• Task goal:
Set every entry down again exactly, excluding any pictures.

• Listed records:
◆ ◆ ◆ ◆ ◆

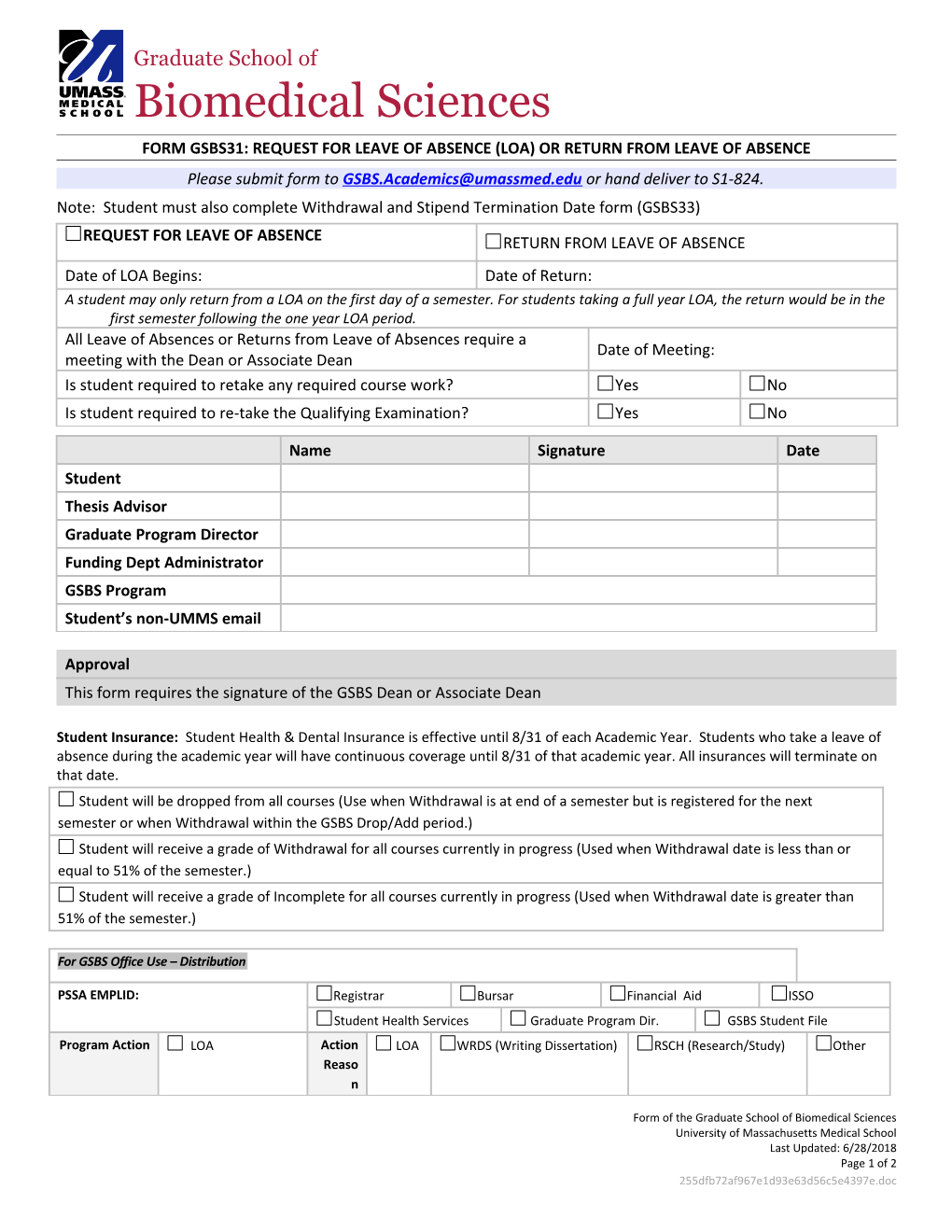 Form Gsbs31: Request for Leave of Absence (Loa) Or Return from Leave of Absence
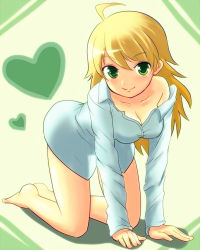 Rule 34 | 00s, 1girl, ahoge, all fours, bad id, bad pixiv id, barefoot, blonde hair, bottomless, breasts, cleavage, female focus, full body, green eyes, heart, hoshii miki, idolmaster, idolmaster (classic), large breasts, long hair, smile, solar kaichuudentou, solo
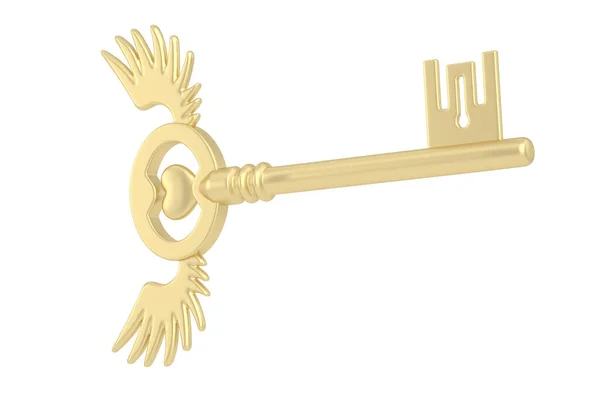 Goldenes Schlüsselsymbol Isoliert Auf Weißem Hintergrund Illustration — Stockfoto
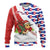 Cuba Christmas Ugly Christmas Sweater with Santa Hummingbird Cuban Flag Feliz Navidad and Snowflake - Wonder Print Shop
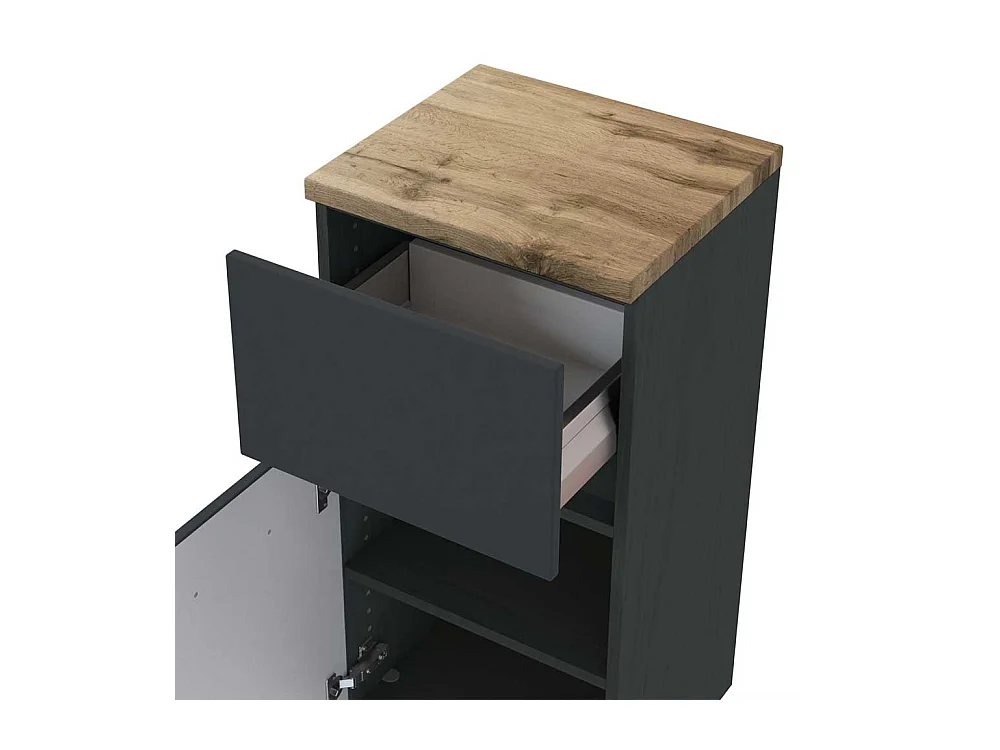 Bad Unterschrank in Dunkelgrau und Wildeiche Optik 40 cm breit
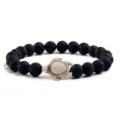 Schwarze Lavastein Perlenarmband mit süßer weißer Schildkröte Anhänger elastisch Schmuck. - Lavastein mit weißer Schildkröte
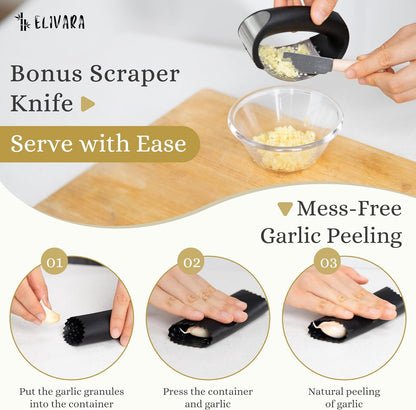 Stainless Steel Garlic Press Rocker Set (Black) - Includes Silicone Peeler and Cleaning Brush for Effortless Garlic Mincing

◆ ◆ ◆ ◆ ◆

• Output below:
 Form Gsbs31: Request for Leave of Absence (Loa) Or Return from Leave of Absence
 Rule 34 | 00s, 1girl, ahoge, all fours, bad id, bad pixiv id, barefoot, blonde hair, bottomless, breasts, cleavage, female focus, full body, green eyes, heart, hoshii miki, idolmaster, idolmaster (classic), large breasts, long hair, smile, solar kaichuudentou, solo
 Goldenes Schlüsselsymbol Isoliert Auf Weißem Hintergrund Illustration — Stockfoto
 Cuba Christmas Ugly Christmas Sweater with Santa Hummingbird Cuban Flag Feliz Navidad and Snowflake - Wonder Print Shop
 Bad Unterschrank in Dunkelgrau und Wildeiche Optik 40 cm breit
 Schwarze Lavastein Perlenarmband mit süßer weißer Schildkröte Anhänger elastisch Schmuck. - Lavastein mit weißer Schildkröte
 Stainless Steel Garlic Press Rocker Set (Black) - Includes Silicone Peeler and Cleaning Brush for Effortless Garlic Mincing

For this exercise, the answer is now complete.